No mesmo ano, o STJ também anulou a Operação Satiagraha, que levou à prisão em 2008, o banqueiro Daniel Dantas, e apurava esquema de corrupção envolvendo conselheiros do Tribunal de Contas de São Paulo.
Esta operação teve um desfecho ainda mais trágico. O delegado Protógenes Queiroz, que chegou a ser eleito deputado federal pelo PSOL, foi condenado a dois anos de prisão pelo Supremo Tribunal Federal pelas irregularidades cometidas nesta investigação.

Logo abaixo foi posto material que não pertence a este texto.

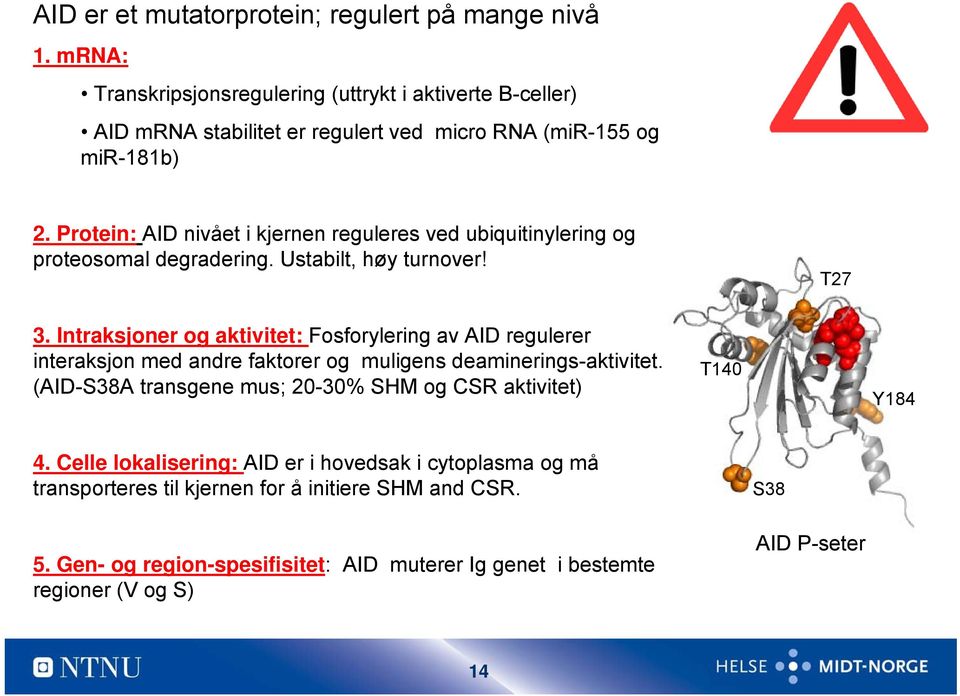 Protein: nivået i kjernen reguleres ved ubiquitinylering og proteosomal degradering. Ustabilt, høy turnover! T27 3.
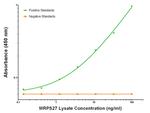 MRPS27 Antibody in ELISA (ELISA)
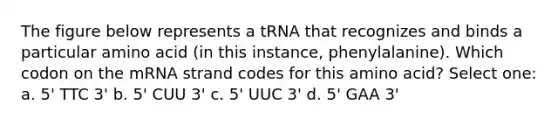 The figure below represents a tRNA that recognizes and binds a particular amino acid (in this instance, phenylalanine). Which codon on the mRNA strand codes for this amino acid? Select one: a. 5' TTC 3' b. 5' CUU 3' c. 5' UUC 3' d. 5' GAA 3'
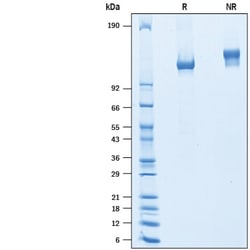 R&D Systems&trade;&nbsp;Recombinant Mouse CEACAM-5/CD66e His-tag Protein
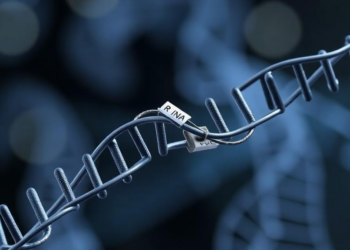 Chemical Tags on RNA Hold the Switch That Decides Whether Cells Die of Iron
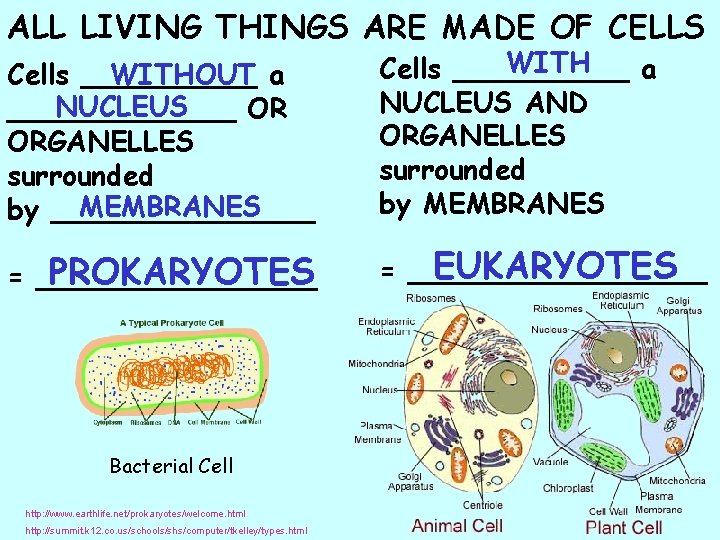 ALL LIVING THINGS ARE MADE OF CELLS Cells _____ WITHOUT a NUCLEUS _______ OR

O STJ ainda anulou a Operação Faktor, famosa Boi de Barrica, que apurava esquema de corrupção envolvendo a família Sarney no Maranhão. A corte anulou as provas porque teriam sido coletadas de forma ilegal.
Somente com o fim da impunidade, a corrupção pode deixar de ser uma prática na política brasileira.
Por enquanto, a decisão do STF respalda o trabalho dos investigadores da PF. As coisas estão mudando no Brasil, de uma forma muito lenta, é verdade, tão devagar que chega a desanimar.
Melhor do que nada, apostando no otimismo do dia.